The dialogue takes place within the wider bilateral Strategic Interoperability Framework (SIF), which was established between the two navies in December 2021. The framework focuses on: core warfighting functions, including air, surface, sub-surface, and special forces operations; and core support functions, including communications/data exchange, and logistics. In a statement, the USN said “the framework aims to give fleet commanders additional operational flexibility during competition, crisis, or conflict, preparing partners to operate together.”
Vice Adm Black – who, as DCNO Ops, is responsible for USN operational planning including co-ordinating employment of naval forces around the world – highlighted the FN’s regular contributions to NATO exercises and its continued collaboration with the USN in meeting shared challenges.

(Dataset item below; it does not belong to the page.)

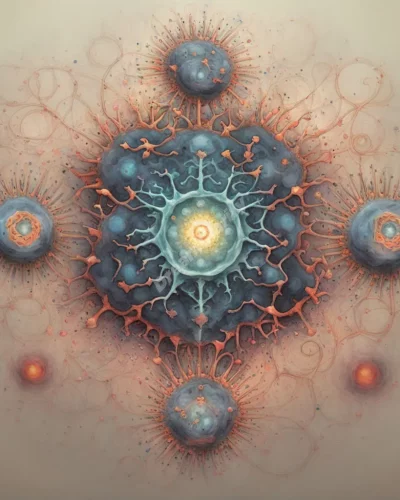 Virus-like shapes forming dream symbols, representing illness and transformation.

Pointing to particular collaborations at sea, Rear Adm Rey highlighted the deployment of two USN Arleigh Burke-class destroyers – the Flight I ship USS Arleigh Burke and Flight IIA ship USS Truxtun – alongside the FN’s FS Charles de Gaulle carrier strike group (CSG), in a co-operative deployment between November 2022 and March 2023 that encompassed the Mediterranean Sea, Red Sea, and Indian Ocean.
Most recently, in June, the FN Horizon-class destroyer FS Forbin integrated into the USN’s USS Gerald R Ford CSG for operations in the Mediterranean, and the FN Aquitaine-class FREMM frigate FS Lorraine worked with the USS Ronald Reagan CSG in the Philippine Sea.
Regarding the bilateral talks, Rear Adm Rey said “Dialogues like the one we had today enable mutual understanding and make us even more capable and ready to accomplish any mission we set out to complete.” He also underlined the SIF construct’s utility in enabling more advanced interoperability objectives to be established for future collaborative deployments in the Pacific region.
Underlining the two navies’ collective focus on collaborating to address maritime matters across the Indo-Pacific region, in late May the FN’s Chief of Naval Staff Admiral Pierre Vandier visited US Indo-Pacific Command (INDOPACOM) Commander Admiral John Aquilino at INDOPACOM, Hawaii. In a social media statement on 1 June, Adm Vandier said the two admirals discussed Indo-Pacific security and future co-operation.